__WHAT THE TASK REQUIRES__: Only the lines below from the one that contains "Baby Shower Cupcake" through the one that contains "Gucci Shoes - Gucci Pearl GG Espadrille-NIB" should appear in your answer, exact and without pictures.

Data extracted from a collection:
★ ★ ★ ★ ★ ★ ★

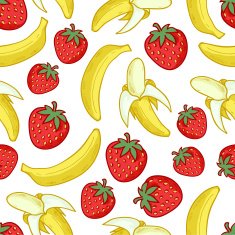 Strawberries and bananas seamless pattern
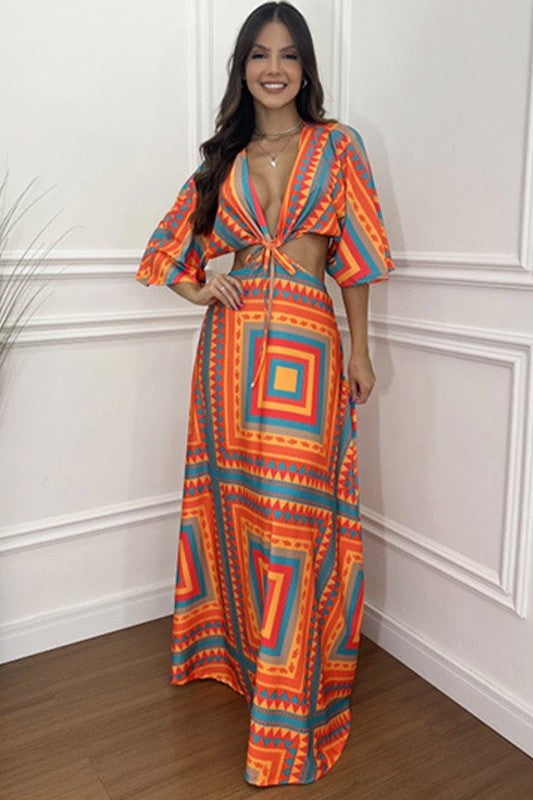 Ashley orange maxi dress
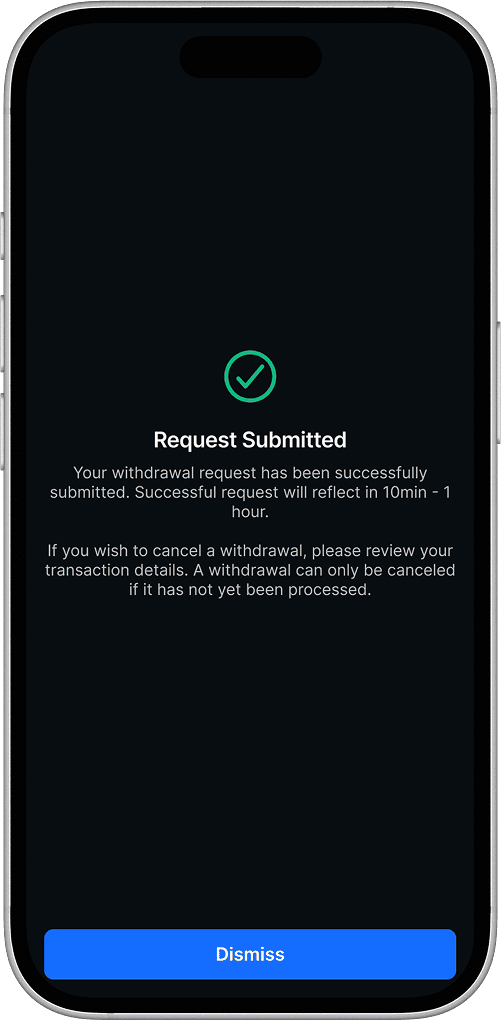 Withdrawal confirmation screen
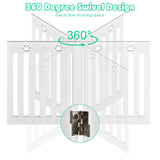 24 Inch Folding Wooden Freestanding Pet Gate Dog Gate with 360¬∞ Hinge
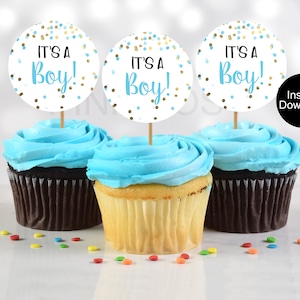 Baby Shower Cupcake Toppers, Baby Boy Cupcake Toppers, Blue Gold Shower Favors, It&#39;s A Boy Printable Cupcake Toppers, Instant Download,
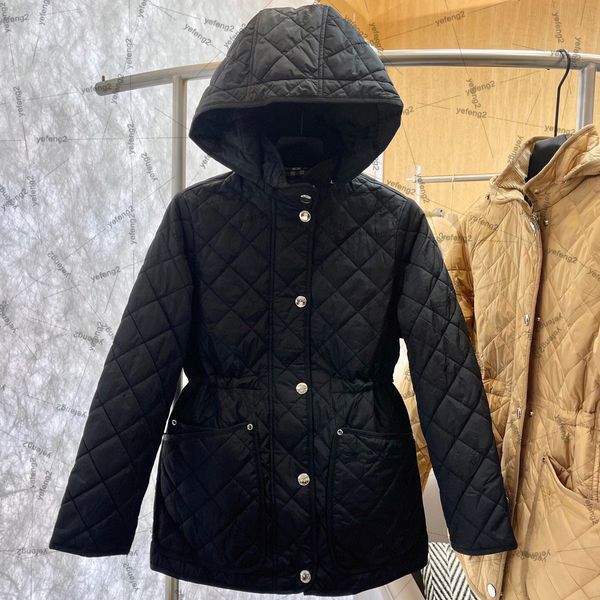 

Womens trench coats designer luxury coats checkered padded jacket plaid bagadian windbreaker premium british, Khaki-22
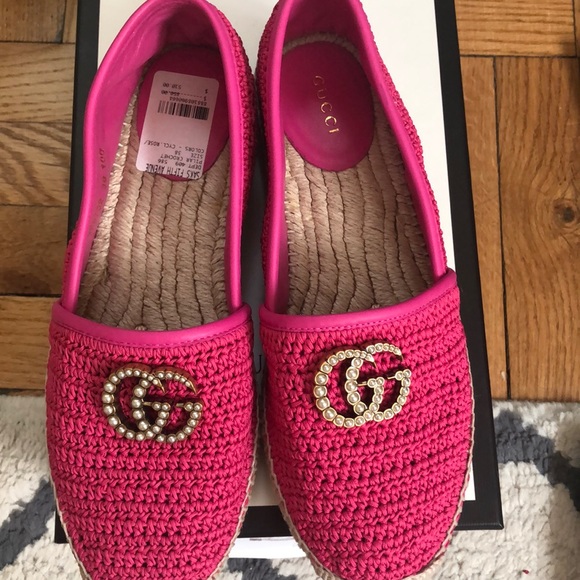 Gucci Shoes - Gucci Pearl GG Espadrille-NIB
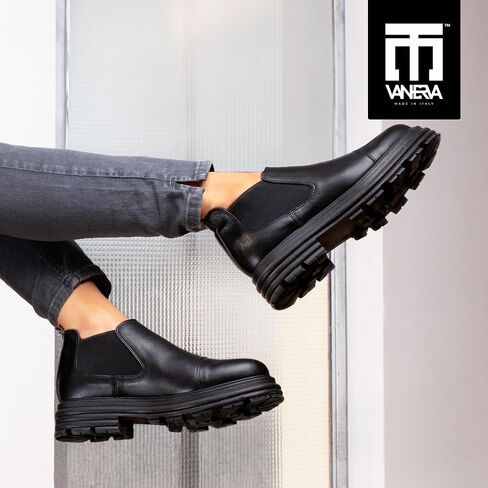 Soho | 100% Made in Italy Chelsea Boots for Women, Black Italian Leather - Chunky, Non Slip Platform Sole and Lug Heel - Ankle Booties for Ladies - Ideal for Fall and Winter in Kuwait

★ ★ ★ ★ ★ ★ ★

__EXPECTED OUTPUT__:
 Baby Shower Cupcake Toppers, Baby Boy Cupcake Toppers, Blue Gold Shower Favors, It&#39;s A Boy Printable Cupcake Toppers, Instant Download,

Womens trench coats designer luxury coats checkered padded jacket plaid bagadian windbreaker premium british, Khaki-22
 Gucci Shoes - Gucci Pearl GG Espadrille-NIB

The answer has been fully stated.